District Instructional Material: McGraw Hill Ohio Inspire Science
Spanish
Spanish
The study of language, history, and the cultural heritage of society helps to develop an appreciation and understanding of others. In addition, the study of foreign literature deepens the aesthetic values of students and enhances the level of their own cultural development.
Spanish 1
The first year of language study concentrates on the real-life use of Spanish. By teaching culture, history, geography, and music in the target language, students begin to acquire the skills needed to become proficient in Spanish. Students must come prepared to listen, think, and respond in Spanish during class.
Wellness
The wellness program has been designed to follow the Phoenix school philosophy, physical fitness and lifelong activities are the core of the wellness program, through a number of various activities students are encouraged to learn cooperative games and the ability to work in social settings. Students are also encouraged to develop their own philosophies to aid in their personal wellness programs.
Social Studies
Social Studies
The Social Studies curriculum is designed for students to accomplish multiple objectives. Students will learn major concepts and themes from the following curriculum areas including History, Geography, Economics, and Government. Throughout the year, they will continue to develop and implement thinking, writing, reading, and listening skills within a social studies context.
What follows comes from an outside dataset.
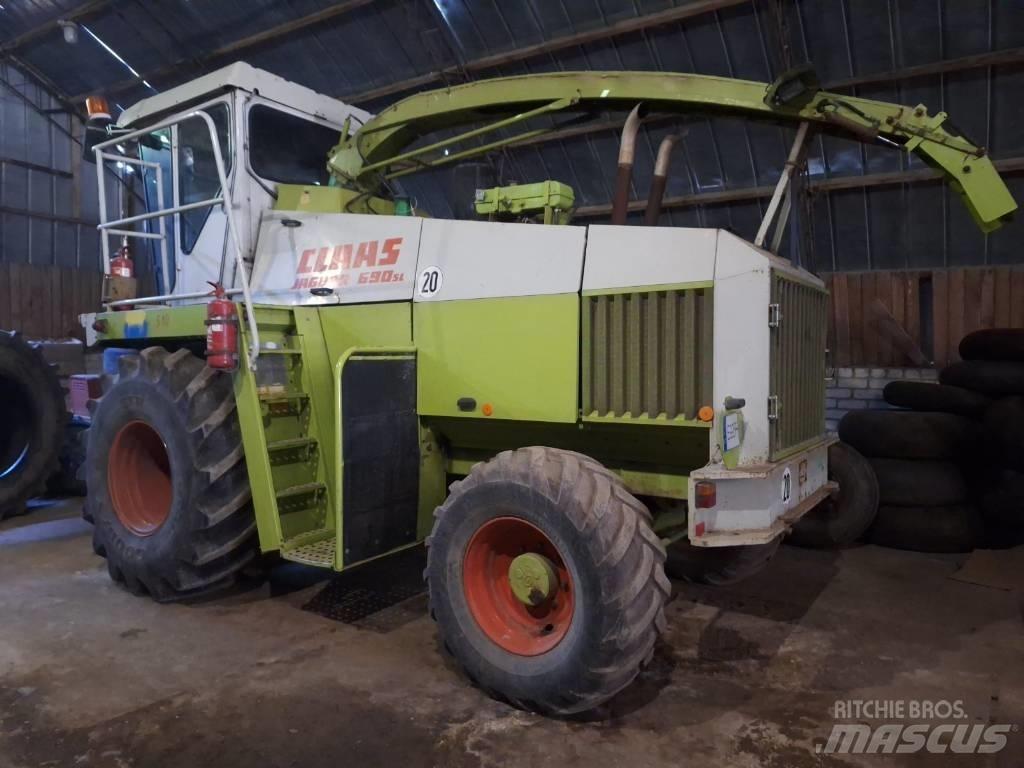 CLAAS Jaguar 690 Forage harvesters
Through the social studies curriculum, students will continue to develop and apply skills in information gathering, organization, discussion, and presentation. In addition, students will be guided in the understanding of concepts and how to apply them to real-life situations. This content area helps students learn about the origination of values and how attitudes and values influence our actions and the actions of others. Students learn how to integrate concepts and factual information through inductive and deductive reasoning. Analyzing, synthesizing, and problem-solving are major objectives of the social studies program.
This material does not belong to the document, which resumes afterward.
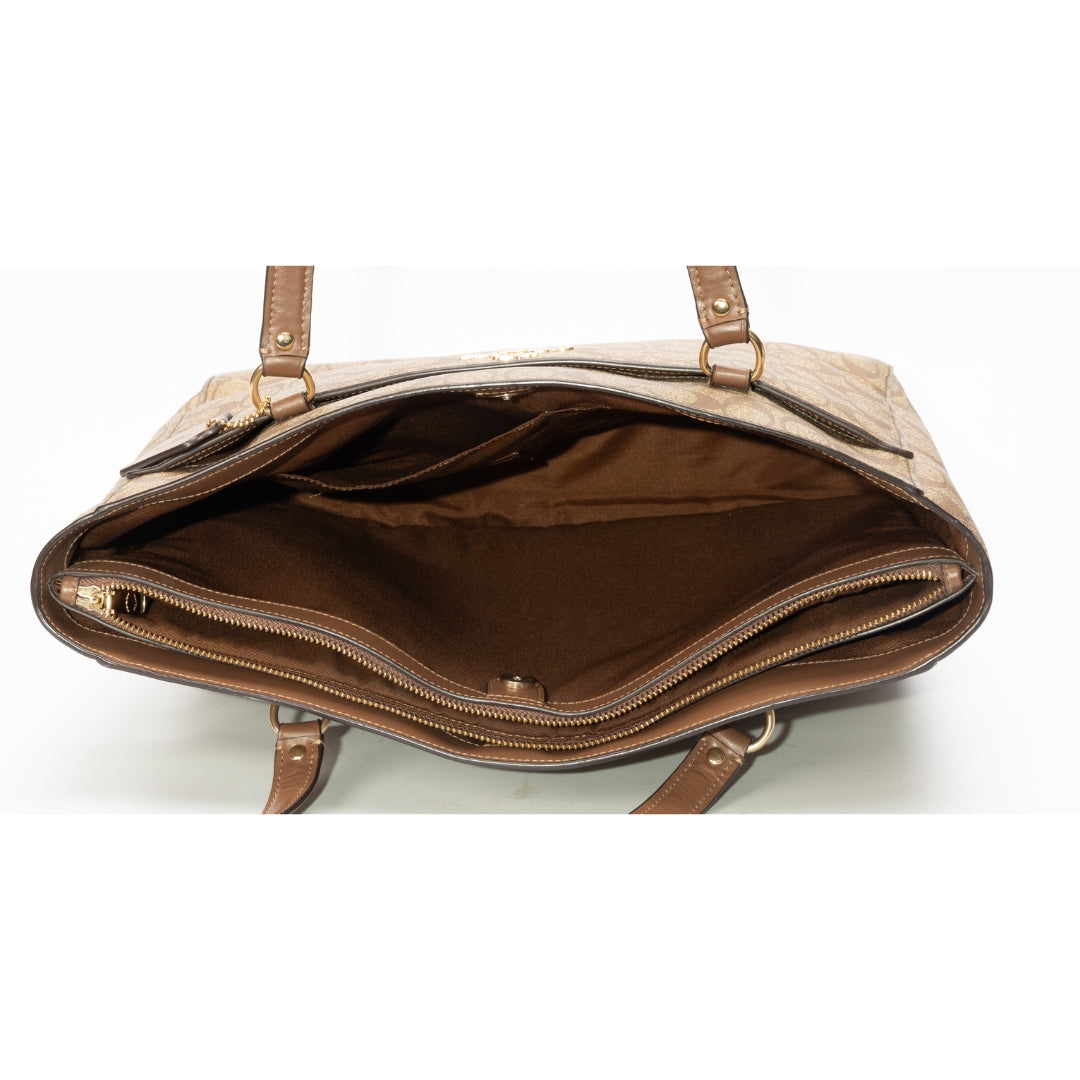Coach Addison Tote In Signature Canvas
7th Grade World Geography/Ancient History
Students in the seventh grade Social Studies explore world events occurring between 1000 BCE and AD 1750. We will be examing the enduring impact of the early civilizations of Central & South America, West Africa, Greece, and Rome. The class will be analyzing the effects of geography, economics, religion, and governmental structures on human interaction. There are also many skills and methods social scientists use that will be introduced and practiced throughout the year.
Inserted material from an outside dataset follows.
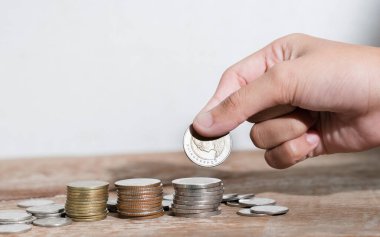 Çocuklar el çabukluğu ile para biriktiriyorlar.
Ancient World History continues our students' study of ancient world history and continues up through the early European exploration of North America. Comparative methods are used using contemporary events as a way for students to determine the meaning of our subject.
8th Grade American History
8th-grade social studies covers American History and the United States Government from colonization in the late 16th century to Reconstruction after the Civil War. This is the first sequence of American History that will be completed in the 10th-grade year with Reconstruction to the Present. The course of study contains the topics of colonization, independence, forming a new government, new challenges, expansion, industrialization, and the cause and effects of the Civil War.
Besides historical content, we will focus on the common core, citizenship, cause and effect relationships, opinion and fact, interpretation of resources, problem-solving, presentation skills, quality of work, and analyzing skills. Although content builds on past historical knowledge, our focus will be to look deeper at the origins of our country today.